Six minutes and seven seconds later, Nashville center Colin Wilson takes a deflected puck and charges down the ice, splitting Chicago defenders and scoring the game's first goal. The building erupts and fans wave gold T-shirts with the word NISSAN across the back, another major employer in the area.

A chuga-chuga drum beat starts from the Jumbotron. Chicago fans start to notice.
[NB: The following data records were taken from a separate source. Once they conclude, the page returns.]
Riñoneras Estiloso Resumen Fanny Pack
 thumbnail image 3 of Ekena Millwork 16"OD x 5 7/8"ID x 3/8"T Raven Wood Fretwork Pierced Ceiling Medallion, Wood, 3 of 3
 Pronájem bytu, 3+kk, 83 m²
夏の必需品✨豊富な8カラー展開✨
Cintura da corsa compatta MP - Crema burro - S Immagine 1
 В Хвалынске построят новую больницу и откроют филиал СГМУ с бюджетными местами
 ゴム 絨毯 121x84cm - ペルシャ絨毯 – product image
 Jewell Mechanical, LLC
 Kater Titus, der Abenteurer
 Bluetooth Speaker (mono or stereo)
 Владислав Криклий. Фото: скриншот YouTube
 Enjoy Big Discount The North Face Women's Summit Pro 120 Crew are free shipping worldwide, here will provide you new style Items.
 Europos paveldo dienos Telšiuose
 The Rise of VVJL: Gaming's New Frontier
Is that... in a black cowboy hat... and a bright gold Predators jersey...

"Is that Tim McGraw?" says a Chicago fan.

"I like it / I love it / I want some more of it"

"I try / So hard / I c'aint rise above it"

The Nashville fans sing along.

"Don't know what it is 'bout those Predators scoring / But I like it / I love it / I want some more of it."

The audio cuts to the bridge of "Gold on the Ceiling," by Nashville residents The Black Keys. Instead of clapping to the beat, the fans have developed their own tradition.

"HEY / YOU SUCK / HEY / YOU SUCK / YOU / YOU / YOU YOU YOU"

Thirteen minutes later Chicago goalie Corey Crawford is drawn far out of position and Viktor Stalberg flicks in the second goal. It's now 2-0.

Arena security guards start high-fiving. A group of 'Hawks fan in line for beer stand in silence as the ritual starts again.

Chugga chugga chugga...

"Oooh, my gad. They play Tim McGraw. Every time," one says.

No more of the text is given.